One of my favorite contemporary artists is Audrey Kawasaki. Audrey, known for her ethereal oil-on-wood paintings, is a 24-year-old Japanese artist out of L.A. and a dropout from the Pratt Institute.
Her paintings are breathtakingly beautiful and surreal seeing as they were created using a delightful mix of Manga and Art Nouveau. She has an uncanny style of depicting the female form (reminiscent of Schiele and Klimt), showing the subjects in innocent and also very sensual/erotic ways while at the same time exuding a darker tone and a disturbing presence of strange magnificent alien princesses with porcelain doll faces. This magnetic kind of glamour that suggests a darker side to all this seductiveness is stunningly alluring. Her girls are precious, pouty, sexy and a tinge of misery or despair is sprinkled around their eyes as if they were just caught in an ephemeral and otherworldly moment of indulgence.
She paints with luscious and delicate brushstrokes, adding to the haunting fairytale atmosphere.
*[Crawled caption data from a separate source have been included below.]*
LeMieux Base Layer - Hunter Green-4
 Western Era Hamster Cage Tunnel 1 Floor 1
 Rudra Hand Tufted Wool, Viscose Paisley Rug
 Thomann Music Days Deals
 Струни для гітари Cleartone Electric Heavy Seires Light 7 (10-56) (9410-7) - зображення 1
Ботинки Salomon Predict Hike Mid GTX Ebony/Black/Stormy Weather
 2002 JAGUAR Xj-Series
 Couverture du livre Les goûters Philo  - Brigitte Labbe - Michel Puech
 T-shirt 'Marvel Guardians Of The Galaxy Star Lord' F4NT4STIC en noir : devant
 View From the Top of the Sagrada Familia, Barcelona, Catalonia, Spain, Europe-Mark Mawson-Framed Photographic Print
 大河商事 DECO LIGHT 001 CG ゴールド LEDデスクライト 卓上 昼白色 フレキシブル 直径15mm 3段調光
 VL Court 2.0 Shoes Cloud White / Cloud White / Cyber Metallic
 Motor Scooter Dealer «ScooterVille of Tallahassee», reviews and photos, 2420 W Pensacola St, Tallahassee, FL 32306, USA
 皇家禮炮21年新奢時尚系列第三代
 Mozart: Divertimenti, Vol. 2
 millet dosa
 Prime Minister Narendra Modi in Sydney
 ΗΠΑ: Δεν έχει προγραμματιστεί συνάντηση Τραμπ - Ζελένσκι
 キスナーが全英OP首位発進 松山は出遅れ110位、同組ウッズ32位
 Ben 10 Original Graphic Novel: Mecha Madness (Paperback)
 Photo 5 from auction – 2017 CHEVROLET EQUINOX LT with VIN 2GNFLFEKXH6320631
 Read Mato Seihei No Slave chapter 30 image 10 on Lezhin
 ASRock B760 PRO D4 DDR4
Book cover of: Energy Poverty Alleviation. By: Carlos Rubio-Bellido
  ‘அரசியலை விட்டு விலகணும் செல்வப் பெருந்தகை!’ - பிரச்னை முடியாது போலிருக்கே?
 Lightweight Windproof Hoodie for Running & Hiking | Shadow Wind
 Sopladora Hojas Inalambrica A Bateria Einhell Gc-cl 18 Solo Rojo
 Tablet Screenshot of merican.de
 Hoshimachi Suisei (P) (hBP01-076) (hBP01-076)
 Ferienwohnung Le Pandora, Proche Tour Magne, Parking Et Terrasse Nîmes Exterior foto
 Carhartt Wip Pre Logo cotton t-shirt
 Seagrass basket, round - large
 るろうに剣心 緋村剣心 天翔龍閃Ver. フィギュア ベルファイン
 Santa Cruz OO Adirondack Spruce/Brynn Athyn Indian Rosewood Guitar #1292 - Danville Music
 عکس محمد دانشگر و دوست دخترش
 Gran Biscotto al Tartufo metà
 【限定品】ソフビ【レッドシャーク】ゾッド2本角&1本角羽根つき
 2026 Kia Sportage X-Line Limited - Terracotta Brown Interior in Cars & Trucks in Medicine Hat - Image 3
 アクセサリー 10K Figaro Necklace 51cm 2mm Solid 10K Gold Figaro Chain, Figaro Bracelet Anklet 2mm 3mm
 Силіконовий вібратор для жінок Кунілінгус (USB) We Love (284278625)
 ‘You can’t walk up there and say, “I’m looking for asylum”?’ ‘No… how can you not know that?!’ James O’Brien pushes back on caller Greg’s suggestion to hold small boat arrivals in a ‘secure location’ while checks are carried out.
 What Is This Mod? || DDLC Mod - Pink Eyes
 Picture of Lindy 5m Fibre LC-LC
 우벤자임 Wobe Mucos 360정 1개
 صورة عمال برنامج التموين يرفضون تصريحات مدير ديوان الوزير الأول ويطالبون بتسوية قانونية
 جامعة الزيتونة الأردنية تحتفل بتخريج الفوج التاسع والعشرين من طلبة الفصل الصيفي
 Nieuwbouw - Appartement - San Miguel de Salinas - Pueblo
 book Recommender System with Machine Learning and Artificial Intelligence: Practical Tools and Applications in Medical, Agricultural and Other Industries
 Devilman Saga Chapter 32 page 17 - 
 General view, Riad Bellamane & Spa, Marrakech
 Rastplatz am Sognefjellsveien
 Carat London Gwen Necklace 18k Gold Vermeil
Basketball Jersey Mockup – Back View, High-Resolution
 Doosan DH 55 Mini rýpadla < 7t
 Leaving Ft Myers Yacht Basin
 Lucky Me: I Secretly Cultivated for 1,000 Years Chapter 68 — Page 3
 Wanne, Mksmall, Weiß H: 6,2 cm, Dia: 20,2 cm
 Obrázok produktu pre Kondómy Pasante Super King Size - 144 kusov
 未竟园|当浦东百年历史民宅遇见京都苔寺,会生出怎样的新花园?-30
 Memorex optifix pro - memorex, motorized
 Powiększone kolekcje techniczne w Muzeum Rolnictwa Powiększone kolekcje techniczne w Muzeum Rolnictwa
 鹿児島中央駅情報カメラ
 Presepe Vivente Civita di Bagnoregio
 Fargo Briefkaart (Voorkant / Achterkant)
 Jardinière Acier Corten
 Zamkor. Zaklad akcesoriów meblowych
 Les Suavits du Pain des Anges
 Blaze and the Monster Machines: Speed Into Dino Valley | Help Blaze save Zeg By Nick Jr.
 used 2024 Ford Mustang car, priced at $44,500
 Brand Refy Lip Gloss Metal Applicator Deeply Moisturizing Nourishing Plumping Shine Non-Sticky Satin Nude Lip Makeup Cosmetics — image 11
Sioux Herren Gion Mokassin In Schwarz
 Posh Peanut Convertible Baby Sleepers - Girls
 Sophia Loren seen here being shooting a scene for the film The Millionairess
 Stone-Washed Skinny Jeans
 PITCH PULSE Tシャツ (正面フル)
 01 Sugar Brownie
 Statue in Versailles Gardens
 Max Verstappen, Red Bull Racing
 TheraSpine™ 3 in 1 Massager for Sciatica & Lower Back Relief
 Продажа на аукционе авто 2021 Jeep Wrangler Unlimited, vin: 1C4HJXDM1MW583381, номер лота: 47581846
Her sharp yet dreamy imagery combined with the wood panels that she paints on, creates an unexpected warmth to the inscrutable subject matter. She gives her seductive yet melancholy characters a sensual esoteric realm of their own that lures in spectators and produces a faint sense of accessibility. The intriguing and feminine bedroom (come and get me) eyes of these elusive women are Kawasaki’s weapon of choice to enthral her mesmerized audience.